[[ Provided material open ]]

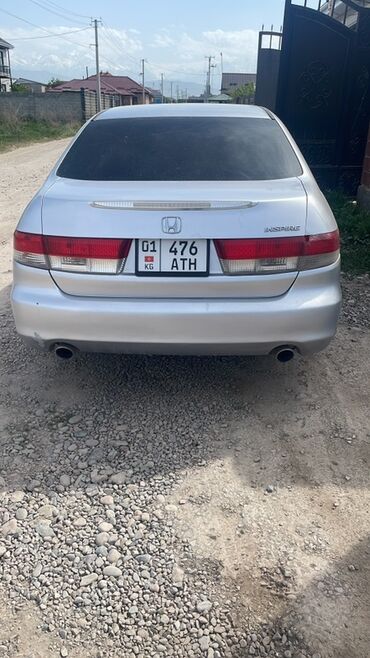 хондой саната: Honda Inspire, серебристый седан (KG номер 01 476 ATH). Кузов и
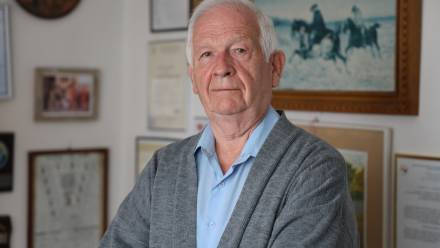 Mirosław Czechowski, koordynator lotu, podczas którego transportowano serce do pierwszej w kraju udanej transplantacji, fot. PAP/Paweł Sierpiński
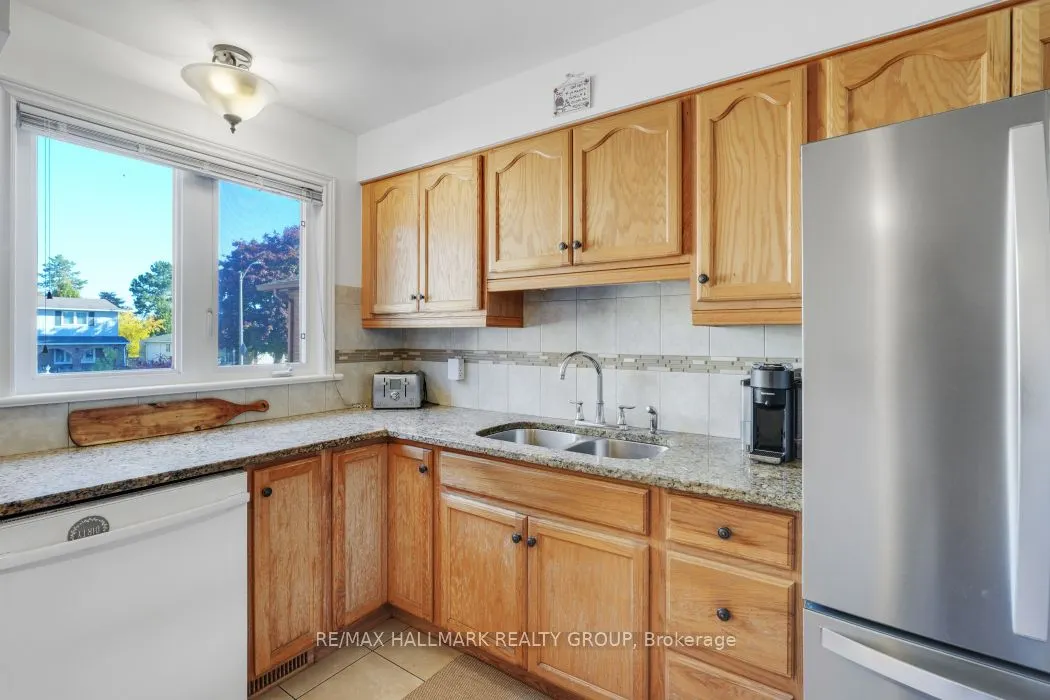 2534 Southvale Crescent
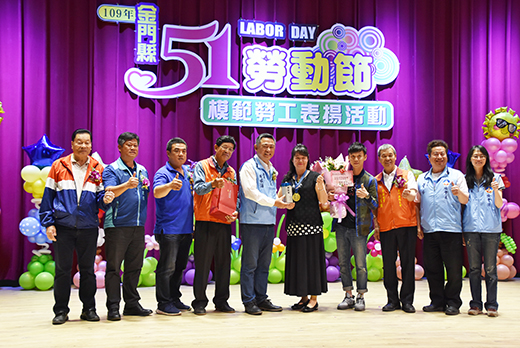 陳美霞代表金門獲選為全國模範勞工。(陳冠霖攝)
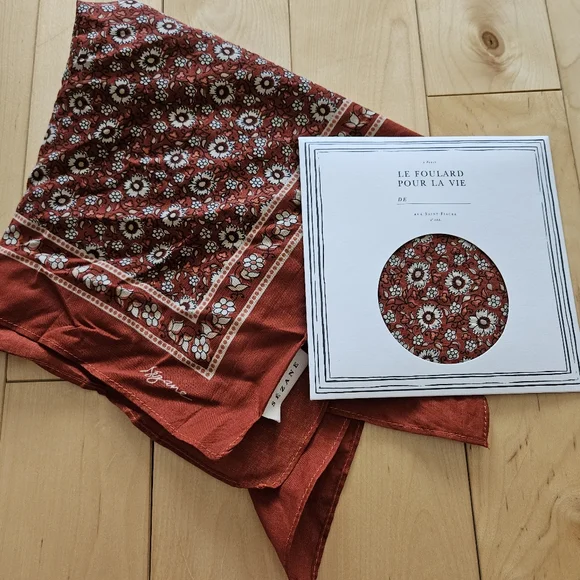 Floral Patterned Scarf - Picture 2 of 3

[[ Provided material closed ]]

[Task objective] Every line above goes into the copy unchanged; the pictures do not.

[Solution to this task]
 хондой саната: Honda Inspire, серебристый седан (KG номер 01 476 ATH). Кузов и
 Mirosław Czechowski, koordynator lotu, podczas którego transportowano serce do pierwszej w kraju udanej transplantacji, fot. PAP/Paweł Sierpiński
 2534 Southvale Crescent
 陳美霞代表金門獲選為全國模範勞工。(陳冠霖攝)
 Floral Patterned Scarf - Picture 2 of 3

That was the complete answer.